映画『国宝』が大ヒットしているようです。興行収入は歴代トップに迫る勢いです。私も鑑賞し、上映時間が3時間を超える長さはやはり堪えましたが、内容はやはり面白くて満足しました。
さて、今回、audibleで『国宝』を聴いてみました。上下に分かれており、上だけで10時間32分の長さです。私は1.5倍速で7時間で聴き終わりました。30分ずつを14日間です。『国宝』の映画とaudibleを併せて視聴して気付いたことを以下に記します。
徳次:映画では削られた熱き相棒
主人公の喜久雄は長崎の極道の家に生まれましたが、中学のとき組の抗争で父が他界し、その後大阪の歌舞伎役者・花井家で修行を積みます。映画には冒頭部分だけに出ていた登場人物で、長崎の組の若い衆の徳次(とくじ)という人物が、audible版では、この徳次が大阪の修行時代にも、その後の青年時代にも登場して喜久雄を支えます。
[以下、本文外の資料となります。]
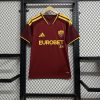 26/27 AS Roma Home Jersey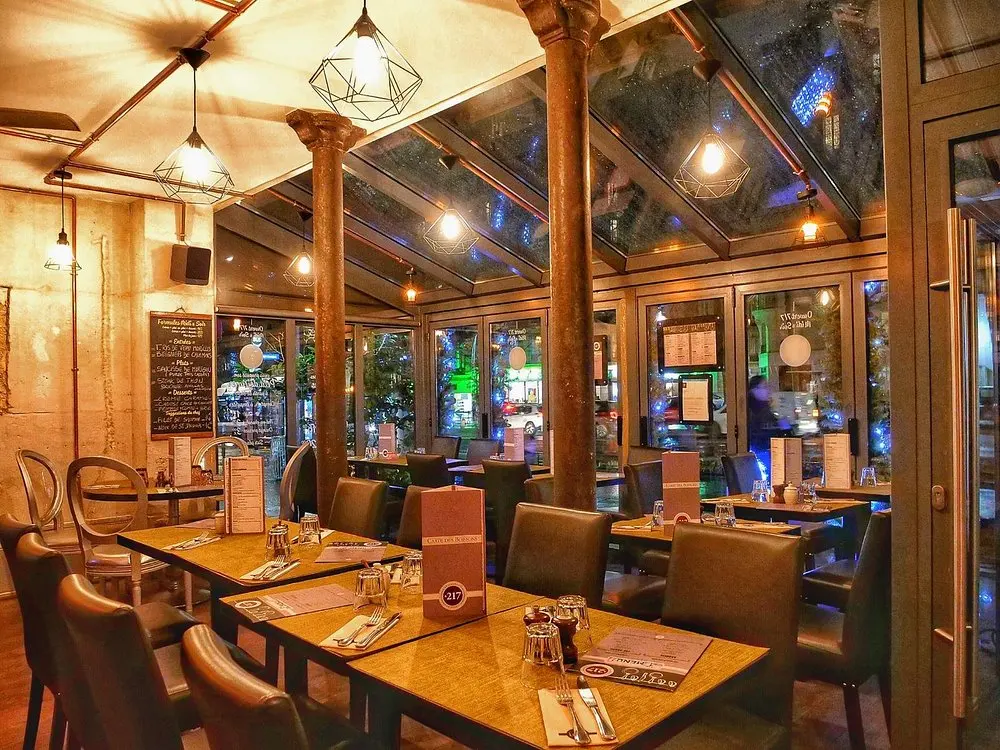 Le 217 Brasserie Restaurant - Paris (Paris)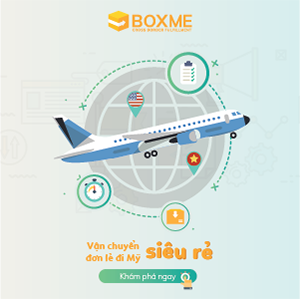 Tại sao bạn nên vận chuyển đơn lẻ quốc tế với USPS thông qua Boxme?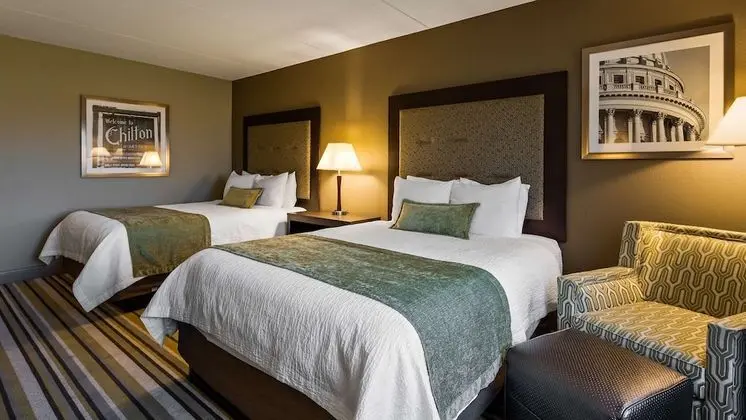 Standard Oda, 2 Büyük (Queen) Boy Yatak, Engellilere Uygun, Sigara İçilmez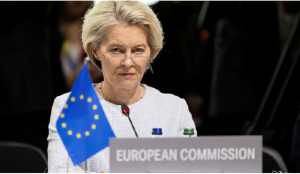 Von der Leyen kërkon 70 miliardë euro ndihmë për Kievin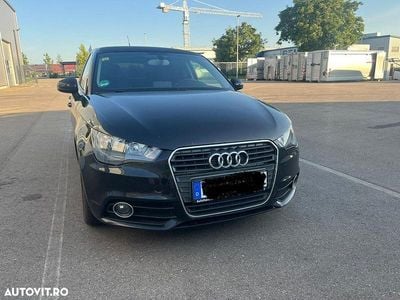 Second-hand Audi A1 143 CP (105 kW) 2012 Culoarenegru Hatchback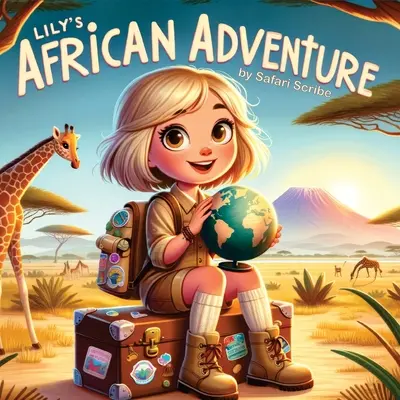 Lily's African Adventure: Gute-Nacht-Geschichten für junge Leute, 4-8 Jahre - Lily's African Adventure: Bedtime Stories for Young Minds, Ages 4-8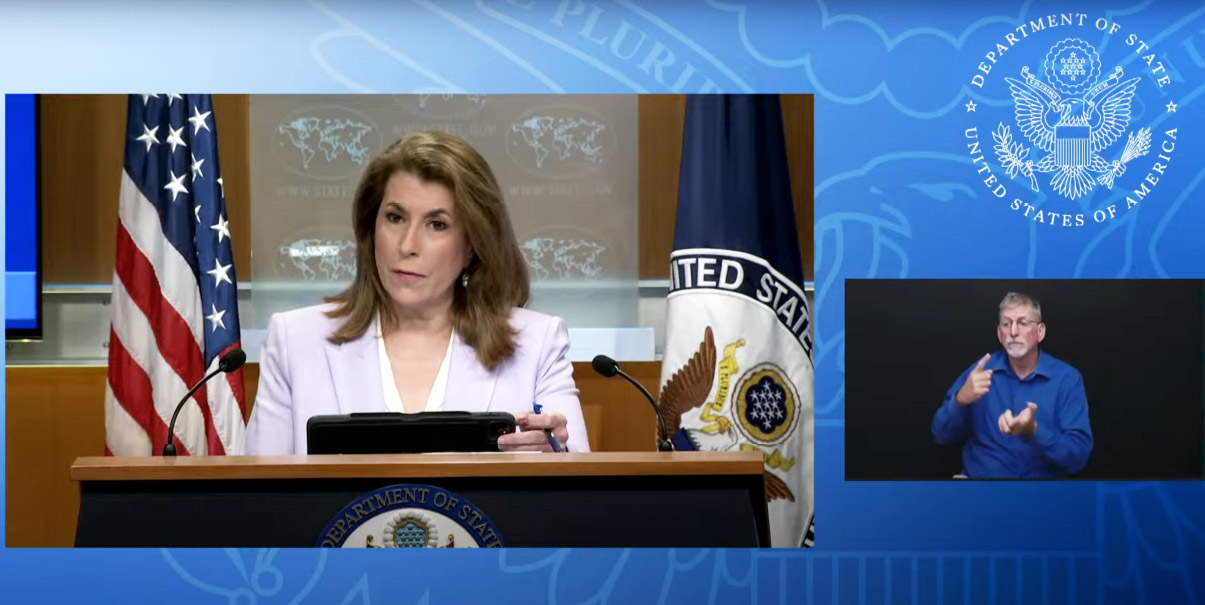 美国务院将全面彻查并取消中国公民及留学生签证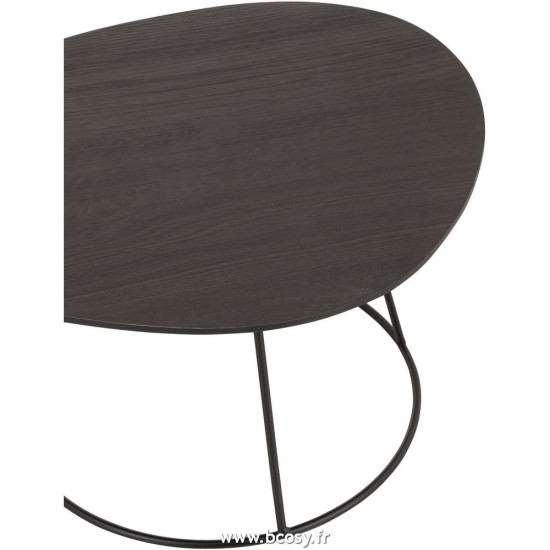 J-line 25040 Jolipa JLine meubles table gigogne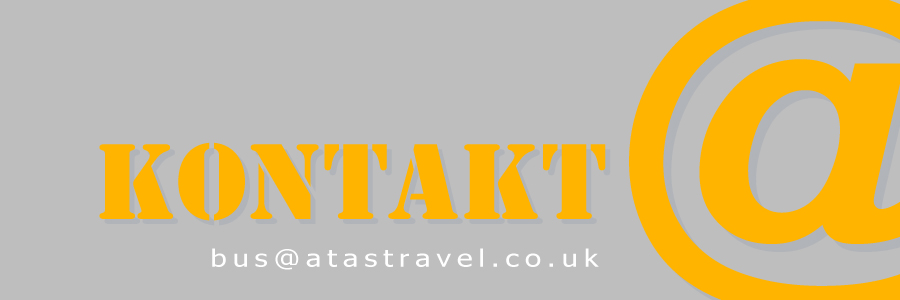 Atlas Travel Londyn - Biuro Podrózy w Londynie - Kontakt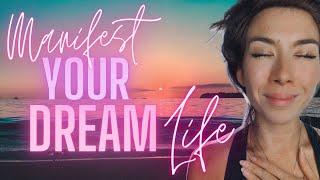 Extremely Powerful Guided Meditation to Manifest Your DREAM LIFE. [Law of Attraction]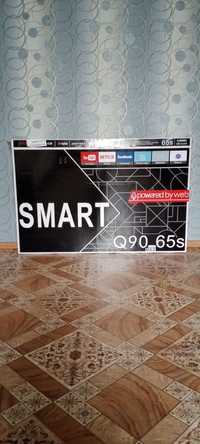 Новый умный телевизор SMART 55"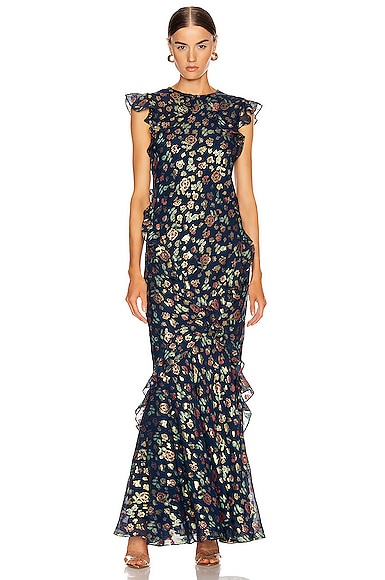 Saloni tamara b dress online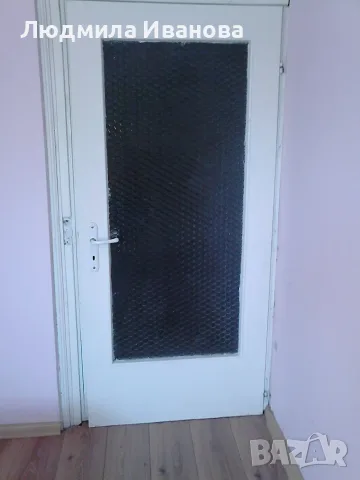 Интериорна холна врата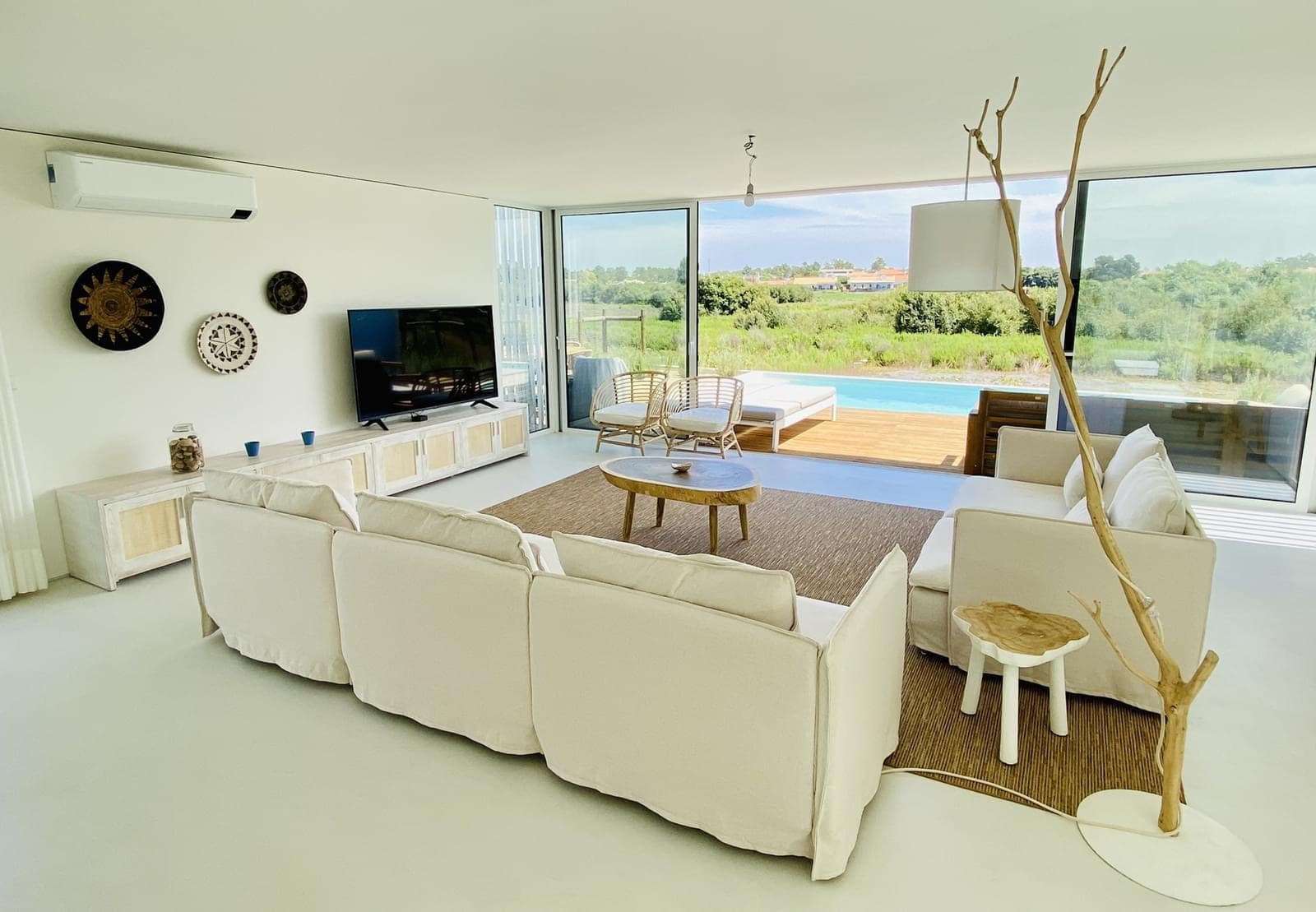 Moradia Isolada T3 com piscina, Possanco, Alcacer do Sal - Imagem 6
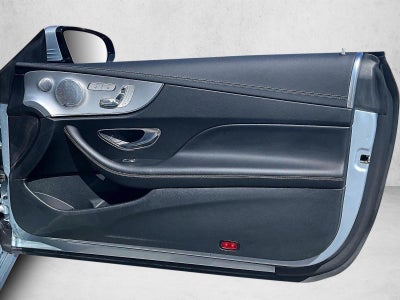 2018 Mercedes-Benz E 400 E 400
徳次の出番が映画版では冒頭だけになったというところに、映画版を作る段階の苦労が分かるような気がします。audible版では徳次のエピソードがかなりのボリュームで描かれていて、その破天荒さが笑え、喜久雄を「坊っちゃん」と呼んで支える熱いキャラクターです。映画の時間短縮のために、徳次のエピソードが大胆に省略されていることが分かります。それでも3時間になってしまっているところに、『国宝』の原作のボリュームの分厚さを感じることができました。
人間国宝・万菊の言葉、映画とAudibleで異なる相手
映画では、落ち目になった喜久雄が地方公演をしていたとき、人間国宝の小野川万菊が喜久雄を呼び出し、「あなた歌舞伎が憎くて仕方ないんでしょう、でもそれでいいの、それでもやるの」と声をかけ、これをきっかけとして喜久雄が復活していきます。
しかし、audible版では違いました。喜久雄のライバルである花井家の御曹司の俊介に、この言葉をかけているのです。今回audible版を聴いて、このことが一番驚きました。俊介は花井半次郎の3代目を喜久雄に奪われたことにショックを受けて消息不明になります。Audible版では10年後に発見されたとき、万菊はこの言葉を俊介にかけました。
audble版を聴いてみて、①徳次という登場人物の出番がバッサリと減っていた。②万菊が「あなた歌舞伎が憎くて仕方ないんでしょう、でもそれでいいの、それでもやるの」という言葉をかけたのは喜久雄ではなく俊介だった、ということを発見しました。映画版は、徳次という登場人物が活躍しなかったことによって、喜久雄と俊介という2人のライバル・友情のストーリーという特徴が強まりました。そして、万菊が喜久雄の復活を後押ししたという流れに切り替わった、ということが見えてきました。
audible版の下で、どのような展開があるのかを聴いてみたいと思います。
また、映画を観られた方は、audible版や原作小説もありますので、『国宝』の余韻を楽しんでみられることをおすすめします。